Retype the lines below exactly, but only those from the line that has "Just A Proud" through the line that has "Angel Reese If You Ain't A Dog You Dog Food T". Omit every picture.

*EXERCISE MATERIAL*
════════
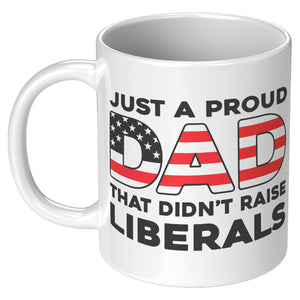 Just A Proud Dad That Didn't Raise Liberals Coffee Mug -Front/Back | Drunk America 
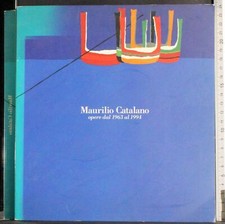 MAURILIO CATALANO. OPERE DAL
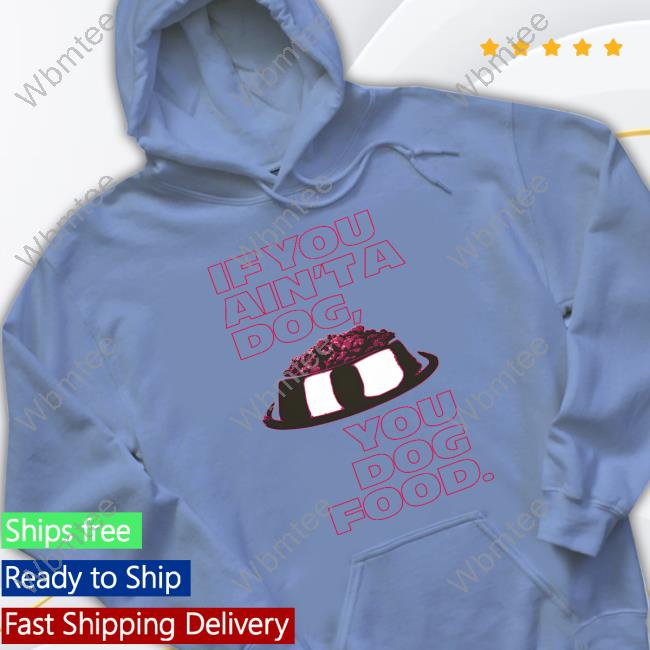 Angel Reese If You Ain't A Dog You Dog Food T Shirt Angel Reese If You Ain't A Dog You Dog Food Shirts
════════
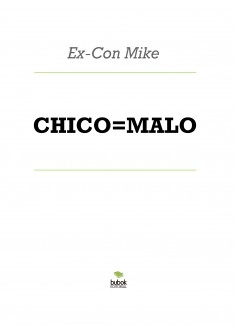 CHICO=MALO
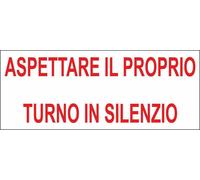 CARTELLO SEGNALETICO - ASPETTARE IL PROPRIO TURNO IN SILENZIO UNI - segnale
════════
*WRITTEN SOLUTION*
 Just A Proud Dad That Didn't Raise Liberals Coffee Mug -Front/Back | Drunk America 
 MAURILIO CATALANO. OPERE DAL
 Angel Reese If You Ain't A Dog You Dog Food T Shirt Angel Reese If You Ain't A Dog You Dog Food Shirts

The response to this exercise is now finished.